* [ENTRIES SUPPLIED]
◆ ◆ ◆ ◆ ◆

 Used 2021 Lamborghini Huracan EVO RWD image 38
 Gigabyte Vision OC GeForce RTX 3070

◆ ◆ ◆ ◆ ◆

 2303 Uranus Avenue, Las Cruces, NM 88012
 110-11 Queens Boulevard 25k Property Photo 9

◆ ◆ ◆ ◆ ◆

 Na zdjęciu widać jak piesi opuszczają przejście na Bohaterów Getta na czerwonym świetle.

◆ ◆ ◆ ◆ ◆

* [WHAT YOU WILL DO] Give back the records above exactly, limited to the lines between the one holding "2303 Uranus Avenue, Las Cruces, NM 88012" and the one holding "110-11 Queens Boulevard 25k Property Photo 9", inclusive.

* [RESULT OF THIS TASK]
 2303 Uranus Avenue, Las Cruces, NM 88012
 110-11 Queens Boulevard 25k Property Photo 9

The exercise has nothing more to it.